DATA SHOWN ▸
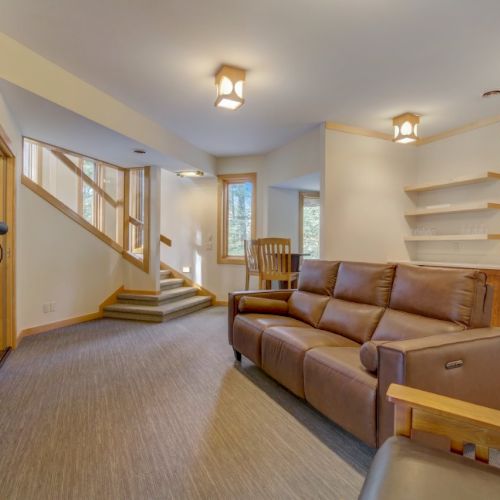 A modern living room with a brown leather sofa, wood accents, a stone fireplace, and an open staircase under warm lights.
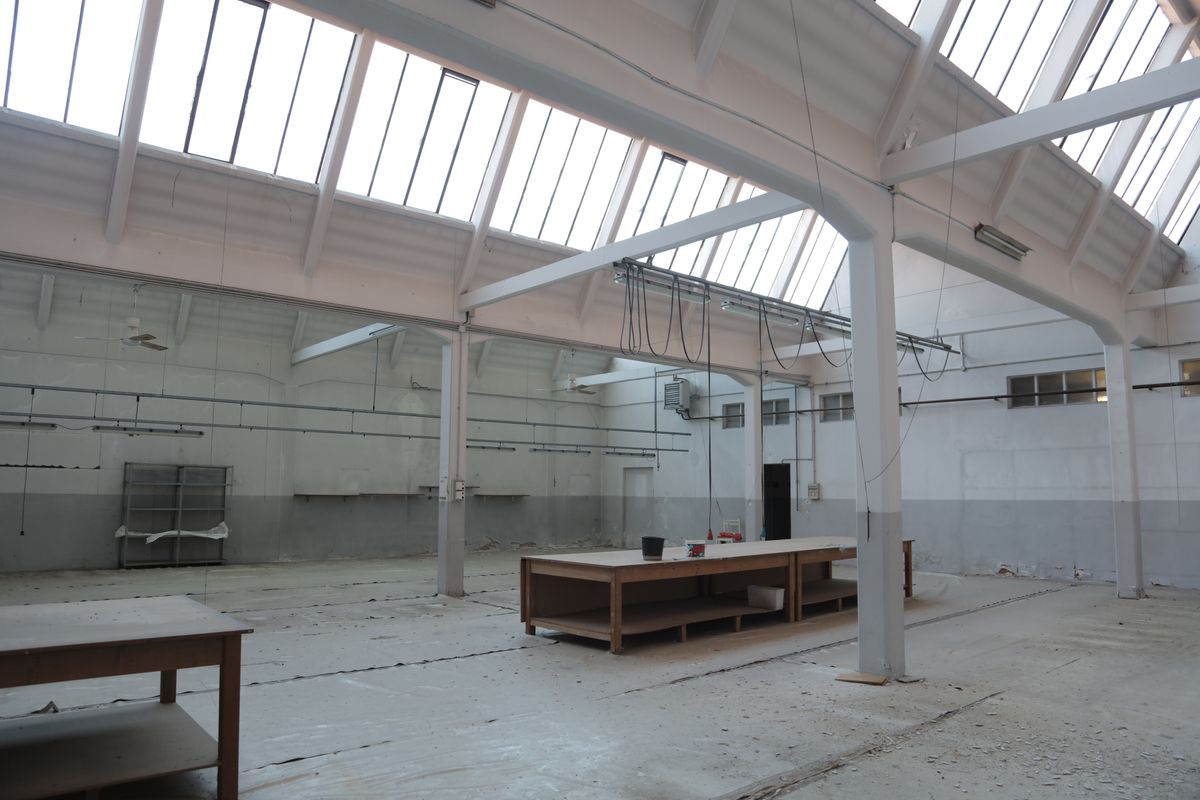 Vacant white-box shopping center unit before build-out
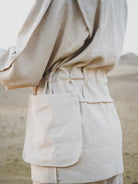 White outfit with a focus on the pants and jacket against a blurred background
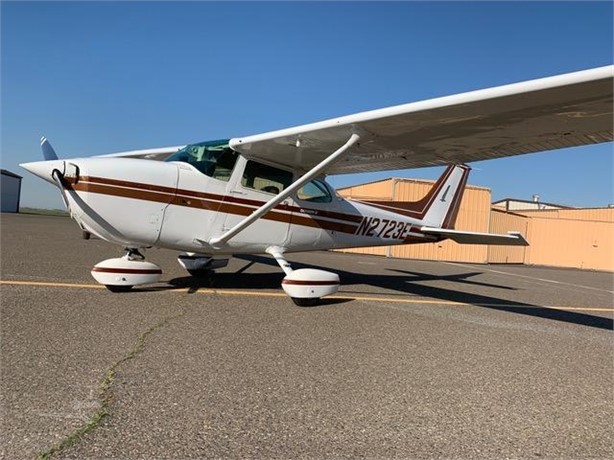 Front exterior view of the Cessna 172N rental aircraft parked on the ramp.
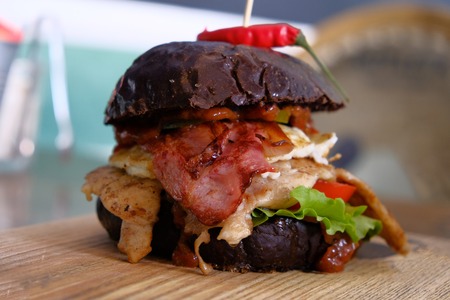 Side view of Big messy burger served on chopping board with red pepper on the topの写真素材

YOUR ASSIGNMENT ▸
Pictures aside, repeat every entry exactly as written.

REPLY ▸
 A modern living room with a brown leather sofa, wood accents, a stone fireplace, and an open staircase under warm lights.
 Vacant white-box shopping center unit before build-out
 White outfit with a focus on the pants and jacket against a blurred background
 Front exterior view of the Cessna 172N rental aircraft parked on the ramp.
 Side view of Big messy burger served on chopping board with red pepper on the topの写真素材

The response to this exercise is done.